AIM OF THE TASK »
With the pictures left out, print exactly the lines below that run from the one containing "VN-Index tăng hơn" through the one containing "ひとりじめBonBonリッチ（萩原農場） | 野菜の種,果菜,スイカ".
[Opening DATASET RECORDS section]
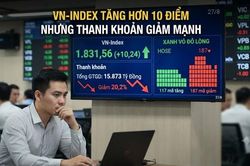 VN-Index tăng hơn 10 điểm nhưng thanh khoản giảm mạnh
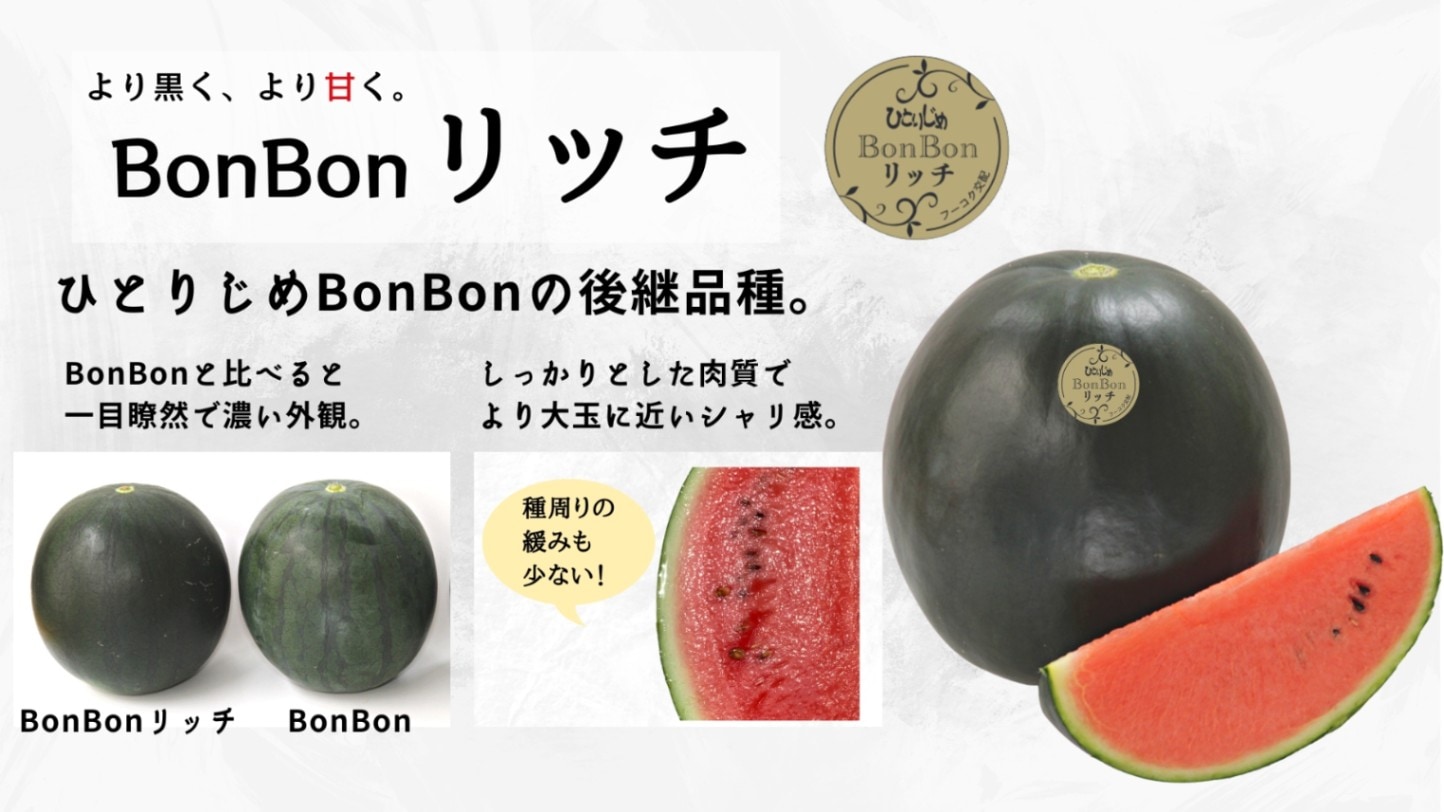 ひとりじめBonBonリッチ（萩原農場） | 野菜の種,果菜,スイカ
[Closing DATASET RECORDS section]
[Opening DATASET RECORDS section]
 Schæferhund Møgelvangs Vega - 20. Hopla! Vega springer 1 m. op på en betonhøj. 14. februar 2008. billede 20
[Closing DATASET RECORDS section]
FINAL ANSWER »
 VN-Index tăng hơn 10 điểm nhưng thanh khoản giảm mạnh
 ひとりじめBonBonリッチ（萩原農場） | 野菜の種,果菜,スイカ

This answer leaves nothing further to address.